The Weight of Unknowable Alteration

Under broken moonlight, always-already.

The fatality of summer shouldn't matter, yet we interfere.

Water / prune / harvest.
Love / look / write.

The dog wants to go running with me but it is too hot for too long. She cries in the outset and later curls into herself like a cinnamon roll when I return.

Lately, apples and their seeds. One's fingerprints on what is thrown away or cast aside matters. The vision or touch or hearing of a thing transfers a weight of unknowable alteration. In this awareness, the witness loses herself and becomes. This-ness. Then, what need is there of God?

All night long, a steady hardiness pushes the rain. A turkey and pepper jack cheese sandwich at 3 a.m. - I'm not always vegan. Not following the rules does not make one reckless. In this way the night veil is instructive. Is it even possible to touch by accident?

Morning remains dark and rain strikes metal eaves like an erratic tympani. The room of windows is a harbor whereby I can see and hear and smell the dampened fusion of nature and humanity. Kyle has placed a Tibetan singing bowl in the room – a surprise donation of that which he no longer needs. I am bewitched by it and open a full-hearted portal. My wedding ring disturbs the vibration of the bowl. 

I remove it.

Prayers for peace erupt out of Kenya because it is election time again. Day to day, the memory of the 2007 post election horrors no longer finds me. But those of us who endured arrive instantly when the pleas and fear and heightened vigilance soaks the airwaves. I do not pray but easily slip back into the reverberations of automatic weapons and machetes and screams in the night.
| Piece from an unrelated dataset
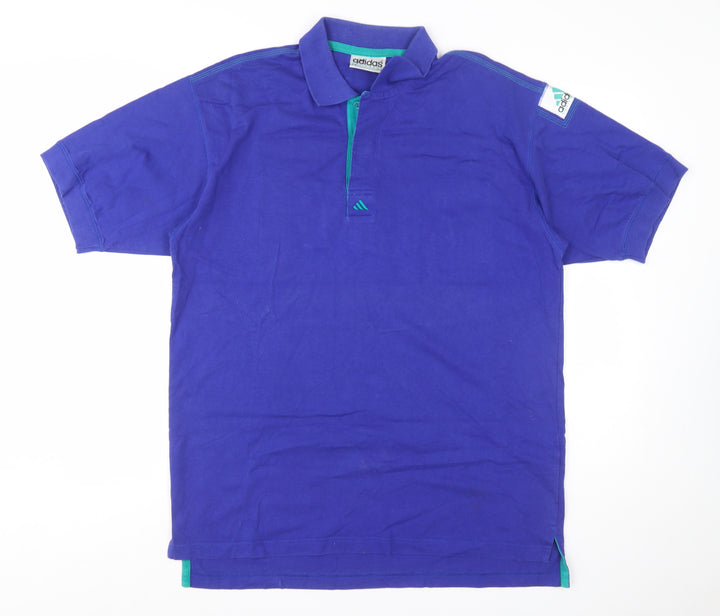 Vintage Adidas Equipment Blue Men's L Polo Shirt Sportswear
Waiting was the most terrifying; for when the mobs breached the silence, it was time to flee or hide or fortify. When tear gas exploded it was time to run. When gasoline and food and water and cell phone air time was cut off, it was time to conserve. When severed body parts mingled with mud and sewage and blood, it was time to vomit and grieve.

But when there is silence, nothing can force the blackness of war out of room.
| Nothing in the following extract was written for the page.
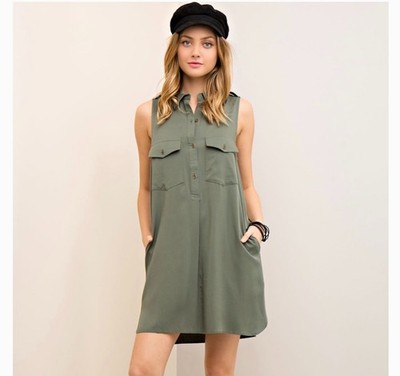 Entro Sage Green Utility Shift Dress Large with Pockets  - NEW with flaws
There are four boys who live behind the privacy fence in our backyard. They've built a citadel with roofing and zip lines and lookout towers, all taller than our one-story house. Their ninja warrior course is in use well into the night, and they shoot Airsoft guns for hours and hours that replicate AK-47s.

They play at war. Their father is proud. And the mother yells at the boys from some inner room to include their baby sister.

Pray if you want. But somewhere along the line your god told you that all of this was okay.

Midmorning the rain slows beyond a hush. Kenyans are voting and waiting. And I am going outside to sweep overshot Airsoft pellets off my rotting deck.